This week I worked on collecting OS metrics from our node video server. I had to test different APIs and modules to collect these metrics since some modules were not configured with our particular server deployment. Used node-OS-module to retrieve metrics on CPU usage and network IO. I found later that the node-OS-module netstat was not supported with my OS and so I tested it on different platforms including virtual andrew linux machine as well our deployed EC2 instances. Since this approach was not working for our video server, I started looking into linux netstat which logs metrics on network IO. I was not able to find an API that allowed for easy collection of network IO metrics and thus I finally started looking AWS CloudWatch which is Amazon’s custom metric logging tool for servers deployed on EC2. CloudWatch has a package to retrieve metrics from node servers which I will be using to fetch network IO metrics. the tradeoff of using CloudWatch is that it only allows us to collect these metrics every 1 minute as compared to collecting them every time a response is sent from the video server.

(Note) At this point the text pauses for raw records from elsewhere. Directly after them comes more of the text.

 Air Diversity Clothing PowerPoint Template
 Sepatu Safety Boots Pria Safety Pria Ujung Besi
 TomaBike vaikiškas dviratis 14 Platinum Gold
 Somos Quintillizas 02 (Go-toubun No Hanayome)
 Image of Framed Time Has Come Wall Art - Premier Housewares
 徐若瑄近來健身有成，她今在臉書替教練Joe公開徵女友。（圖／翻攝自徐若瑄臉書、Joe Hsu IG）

This week I will be working on finishing up this metric collection as well as developing a system to visualize our User simulation data.
This week we met several times as a team to specify some important implementation details of our project. On testing, we adjusted our previous baseline of a custom built server that sent HTTP-requests to a plan to use a third-party load testing platform that could run user simulation scripts. This change was made to accommodate the need for realistic user request patterns (requesting video chunks according to the different buffer rates of videos with different specs (dynamism, resolution, etc.) , which would be difficult without direct HTML interaction. Furthermore, a third party would allow us to consolidate user-collected metrics into one platform that can compile into graphs and report this directly. We attempted debugging several different platform implementations (Flood.io, dot-com.monitor, BlazeMeter) and script types (Taurus, Selenium, JMeter) but do not have a fully satisfactory load testing setup yet. We hope to have that early next week.

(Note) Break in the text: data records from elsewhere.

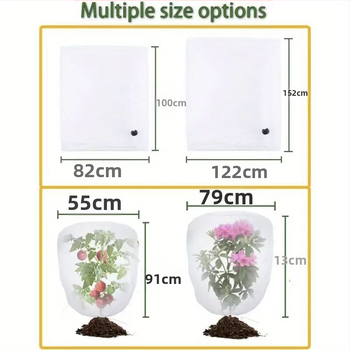 Kάλυμμα δικτύου εντομοπροστασίας Yongguan για προστασία από πουλιά και έντομα, Πολυαιθυλένιο, Διαθέσιμο για ιδιωτική ετικέτα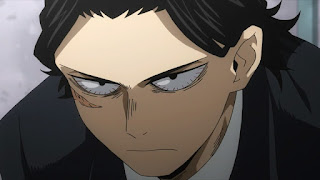 ヒロアカ アニメ | 相澤消太 記者会見 | イレイザー・ヘッド | AIZAWA SHOTA | My Hero Academia 僕のヒーローアカデミア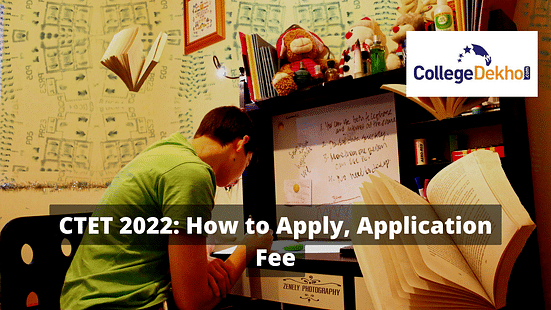 CTET 2022 How to Apply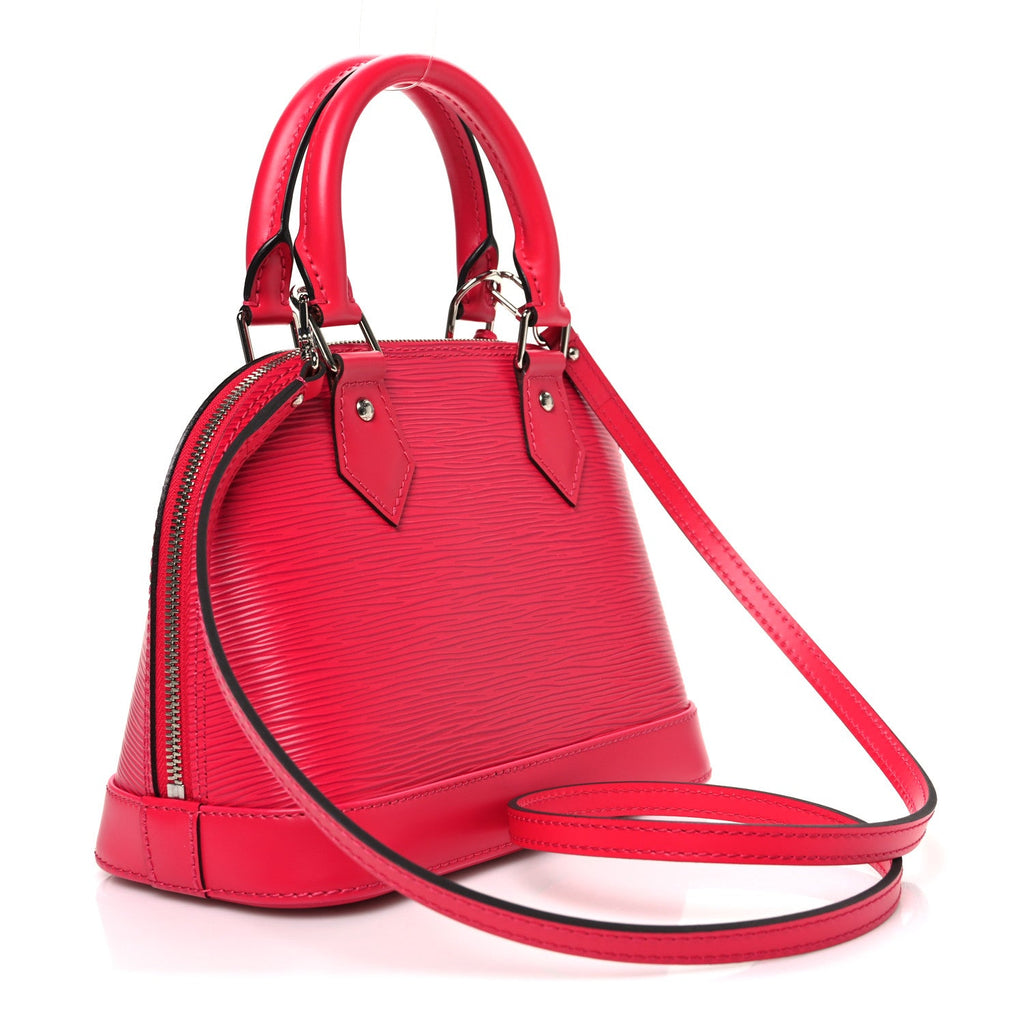 Louis Vuitton Epi Alma BB Grenade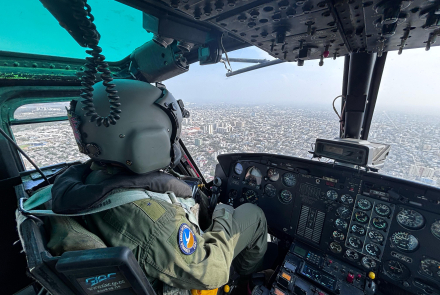 Sobrevuelos de seguridad durante el Foro de Desarrollo  Económico en Barranquilla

We also adjusted our plan for video server metric collection. Some analysis of the impact of video server responses showed us that Network I/O is a much more likely bottleneck for our video servers than processor utilization so we now intend to find and retrieve that metric instead for a custom load balancing decider. The metric would either be found via asynchronous background monitoring in our own program or via API calls to an Amazon Cloudwatch monitor. Over the next week, we hope to integrate our testing environment fully and finish three custom load balancing deciders for comparison.